Task instructions -> For the entries that follow, restate word for word the line containing "2026 Jeep Wrangler 4-Door Rubicon 4x4", the line containing "Blusão de Moletom", and every line that lies between them.

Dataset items
= = = =

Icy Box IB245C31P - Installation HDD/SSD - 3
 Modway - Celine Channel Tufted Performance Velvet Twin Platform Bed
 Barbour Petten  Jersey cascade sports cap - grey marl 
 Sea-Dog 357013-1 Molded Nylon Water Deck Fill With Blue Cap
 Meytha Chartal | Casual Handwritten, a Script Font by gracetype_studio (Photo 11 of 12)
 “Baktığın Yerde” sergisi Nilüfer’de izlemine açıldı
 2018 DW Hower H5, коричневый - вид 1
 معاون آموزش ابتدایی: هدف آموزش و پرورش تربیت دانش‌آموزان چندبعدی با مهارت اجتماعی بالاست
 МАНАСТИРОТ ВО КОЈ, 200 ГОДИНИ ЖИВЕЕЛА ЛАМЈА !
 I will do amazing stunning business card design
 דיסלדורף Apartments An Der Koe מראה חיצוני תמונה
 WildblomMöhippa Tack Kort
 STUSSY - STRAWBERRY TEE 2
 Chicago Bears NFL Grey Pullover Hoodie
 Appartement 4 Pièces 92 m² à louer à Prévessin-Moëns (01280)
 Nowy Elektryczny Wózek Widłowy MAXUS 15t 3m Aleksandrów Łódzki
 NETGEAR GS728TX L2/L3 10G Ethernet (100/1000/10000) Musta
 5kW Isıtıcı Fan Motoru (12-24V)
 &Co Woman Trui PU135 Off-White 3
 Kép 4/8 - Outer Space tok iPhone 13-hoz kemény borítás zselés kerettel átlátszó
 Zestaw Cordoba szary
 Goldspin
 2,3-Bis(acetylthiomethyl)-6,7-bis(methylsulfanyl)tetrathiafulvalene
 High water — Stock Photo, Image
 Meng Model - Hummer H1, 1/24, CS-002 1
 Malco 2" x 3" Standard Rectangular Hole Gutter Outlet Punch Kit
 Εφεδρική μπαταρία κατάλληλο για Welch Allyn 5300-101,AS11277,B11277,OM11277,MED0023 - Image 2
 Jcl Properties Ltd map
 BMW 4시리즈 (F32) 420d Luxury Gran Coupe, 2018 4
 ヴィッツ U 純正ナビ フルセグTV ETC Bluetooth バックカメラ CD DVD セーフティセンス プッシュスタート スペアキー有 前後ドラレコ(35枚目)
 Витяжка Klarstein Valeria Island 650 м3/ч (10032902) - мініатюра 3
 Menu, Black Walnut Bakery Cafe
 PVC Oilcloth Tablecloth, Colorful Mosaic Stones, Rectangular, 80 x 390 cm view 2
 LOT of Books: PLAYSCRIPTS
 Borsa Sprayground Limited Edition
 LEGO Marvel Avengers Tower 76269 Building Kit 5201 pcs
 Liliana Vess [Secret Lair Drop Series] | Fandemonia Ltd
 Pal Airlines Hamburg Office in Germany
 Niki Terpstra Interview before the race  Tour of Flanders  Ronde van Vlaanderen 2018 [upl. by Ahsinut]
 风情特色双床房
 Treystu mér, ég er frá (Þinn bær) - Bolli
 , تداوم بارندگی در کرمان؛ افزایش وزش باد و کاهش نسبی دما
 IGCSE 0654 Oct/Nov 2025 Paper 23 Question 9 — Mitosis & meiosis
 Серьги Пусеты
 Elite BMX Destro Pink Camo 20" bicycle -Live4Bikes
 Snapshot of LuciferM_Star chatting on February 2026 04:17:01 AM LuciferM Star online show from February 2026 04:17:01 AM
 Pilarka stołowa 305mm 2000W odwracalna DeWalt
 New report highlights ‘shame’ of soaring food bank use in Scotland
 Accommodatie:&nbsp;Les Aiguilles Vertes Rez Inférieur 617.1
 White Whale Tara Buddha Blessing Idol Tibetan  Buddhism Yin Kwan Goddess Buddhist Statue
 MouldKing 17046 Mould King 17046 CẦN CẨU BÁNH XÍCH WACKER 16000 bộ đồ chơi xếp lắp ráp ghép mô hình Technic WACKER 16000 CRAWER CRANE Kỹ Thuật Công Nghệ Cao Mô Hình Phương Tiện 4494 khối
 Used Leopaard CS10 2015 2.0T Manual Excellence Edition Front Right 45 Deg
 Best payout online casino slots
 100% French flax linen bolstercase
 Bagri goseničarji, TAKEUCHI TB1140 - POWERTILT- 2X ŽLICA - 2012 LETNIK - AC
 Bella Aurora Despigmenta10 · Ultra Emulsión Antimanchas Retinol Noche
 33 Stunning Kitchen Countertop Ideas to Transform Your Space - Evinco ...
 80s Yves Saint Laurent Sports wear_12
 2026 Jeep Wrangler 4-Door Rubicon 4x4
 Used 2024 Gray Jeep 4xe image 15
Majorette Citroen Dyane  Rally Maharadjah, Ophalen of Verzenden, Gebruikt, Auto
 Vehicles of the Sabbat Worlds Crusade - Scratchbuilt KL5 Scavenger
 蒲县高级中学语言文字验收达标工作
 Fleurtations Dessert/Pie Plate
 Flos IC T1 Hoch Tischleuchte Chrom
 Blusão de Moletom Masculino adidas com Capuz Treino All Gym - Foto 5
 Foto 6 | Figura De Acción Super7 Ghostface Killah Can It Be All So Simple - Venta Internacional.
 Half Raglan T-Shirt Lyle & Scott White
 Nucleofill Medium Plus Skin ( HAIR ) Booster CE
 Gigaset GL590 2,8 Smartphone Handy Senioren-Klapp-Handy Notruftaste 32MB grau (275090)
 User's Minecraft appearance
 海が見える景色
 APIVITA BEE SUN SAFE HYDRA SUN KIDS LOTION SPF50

= = = =

Response to this exercise ->
 2026 Jeep Wrangler 4-Door Rubicon 4x4
 Used 2024 Gray Jeep 4xe image 15
Majorette Citroen Dyane  Rally Maharadjah, Ophalen of Verzenden, Gebruikt, Auto
 Vehicles of the Sabbat Worlds Crusade - Scratchbuilt KL5 Scavenger
 蒲县高级中学语言文字验收达标工作
 Fleurtations Dessert/Pie Plate
 Flos IC T1 Hoch Tischleuchte Chrom
 Blusão de Moletom Masculino adidas com Capuz Treino All Gym - Foto 5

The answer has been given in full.